In 2008, I moved to the Big Island of Hawaii to live with my sister. Before I got here, I knew I had three possibilities for a church home: Lutheran (LCMS), Anglican/Episcopal (TEC), or Orthodox (OCA). In my mind, those were my only three options. I attended the Lutheran church a bit, but was turned off by a few of the local practices (plus, well, no bishop). The Episcopal option was nearly bearable, but I wouldn’t have truly participated in the life of the community. We were just on different pages.
At first, the Orthodox Church did not seem a real option for me, despite its attractiveness. It was over 100 miles away, and I wasn’t sure I was ready to part with some lingering Protestant impulses. But I got word that the bishop was coming for a visit, and I didn’t want to miss that. So I spent the weekend in a hostel near the church. Before the Divine Liturgy was over, I knew I was home.
One thing I have heard time and again from converts to Orthodoxy is that the services and Sacraments are healing. In fact, our liturgy describes Christ as the physician and healer of our souls and bodies. This is definitely true in my case.
I once met a guy in Tennessee who had been a member of a Presbyterian church before becoming Orthodox. His wife had left him, and he was devastated. He got invited to an Orthodox service, and was drawn in by the constant refrain of
“Lord have mercy.”
He told me that six months of immersing himself in that liturgical context absolutely healed him.
I’ve had a similar experience. My life was rocked in late 2007, and it made the ‘03 rocking look like a gentle back and forth of a cradle. When I began regularly attending Orthodox services, I could feel that very same healing taking place in my heart. Honoring the majesty of God and getting down on your face before him (sometimes literally) to ask for his help, his grace, his mercy, and his strength, has quite a healing effect.
10. Jesus Called Me to It
I have been in love with Jesus since my earliest memories. In fact, my mom will tell you that I spoke with angels as a toddler. I’m not sure how objectively true that is, but I do know that I have had faith in the Triune God for as long as I can remember. And for all of my doubts over the years, I have never let go of Christ.

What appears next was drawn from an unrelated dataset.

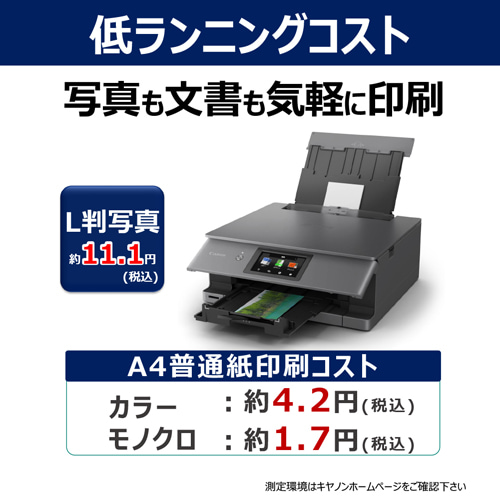 CanoniLmj CNWFbgA4J[@@PIXUS XK510 PIXUS XK510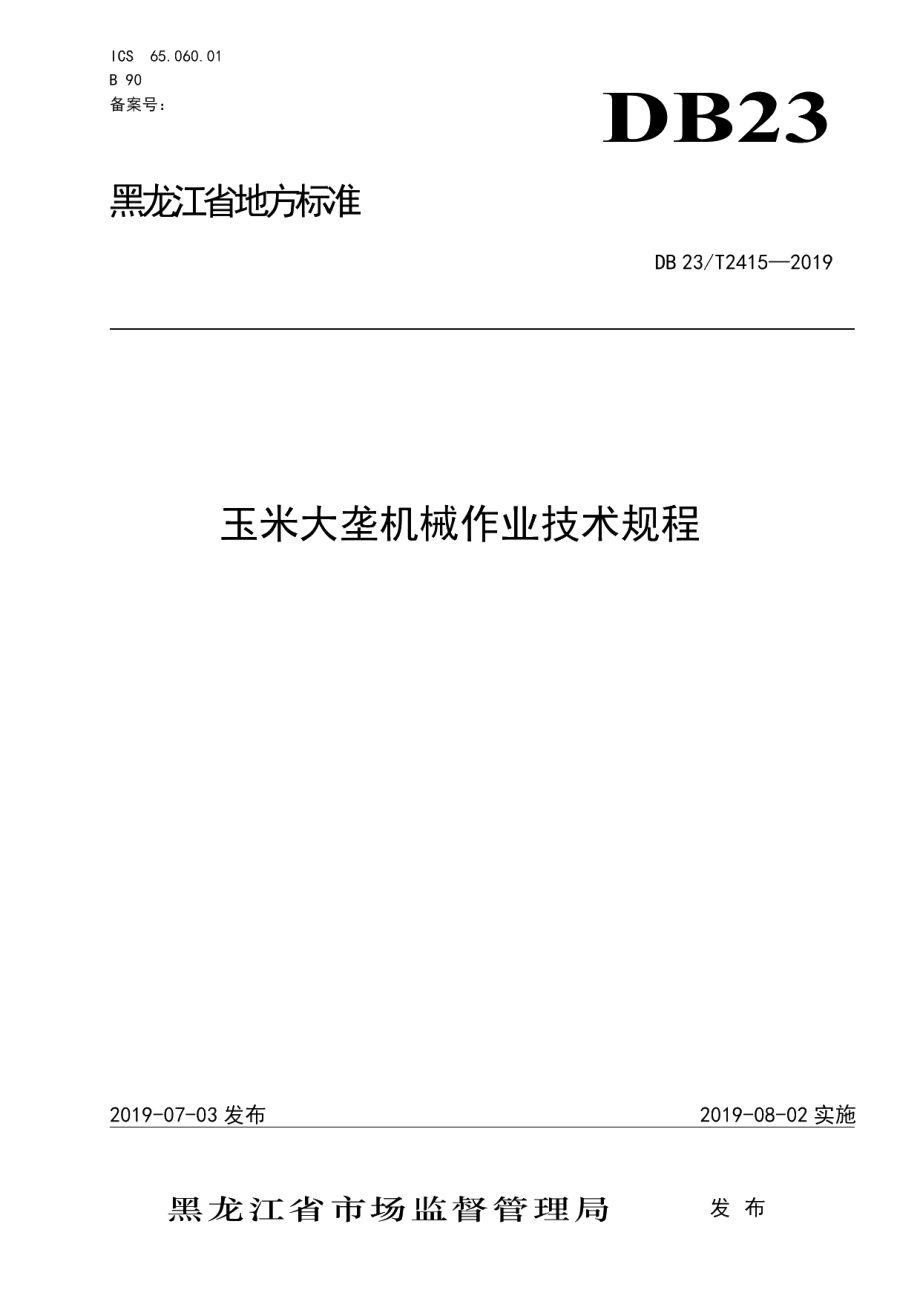 DB23T 2415—2019玉米大垄机械作业技术规程.pdf_第1页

This is really the only reason that matters. When I came to believe that I was being called by Jesus Christ into fuller fellowship in him and with his Bride, the Holy Orthodox Church, I couldn’t help but become Orthodox. At that point, all the beauty, mystery, liturgy, and theology did not matter in comparison to the joy of fuller fellowship with Jesus.
I think it was Frederica Mathewes-Green who advised Anglicans not to come to Orthodoxy because it seems attractive or because a person is disillusioned with the state of their current church. Come to Orthodoxy, she beckoned, because you’re in love with Jesus and you see him there.
If you’re interested in exploring Orthodoxy, Frederica’s books Facing East and At the Corner of East and Now are a great place to start. For something more academic, check out Timothy Ware’s The Orthodox Church. For sympathetic treatments of Orthodoxy from Protestants, see Eastern Orthodox Christianity: A Western Perspective by Daniel Clendenin or, my favorite, Through Western Eyes; Eastern Orthodoxy: A Reformed Perspective by Robert Letham.
1. In Orthodoxy, however, we insist in a continuity of credal faith and communion for a proper Apostolic Succession.
2. This is actually a decent warning in an Orthodox context. We do use icons, but icons reflect a very real and incarnational existence, and are not simply imagined. However, in the bleak context in which this was spoken (with not so much as a cross on the wall), it seems pretty funny that picturing Jesus is idolatry when he had corporeal existence.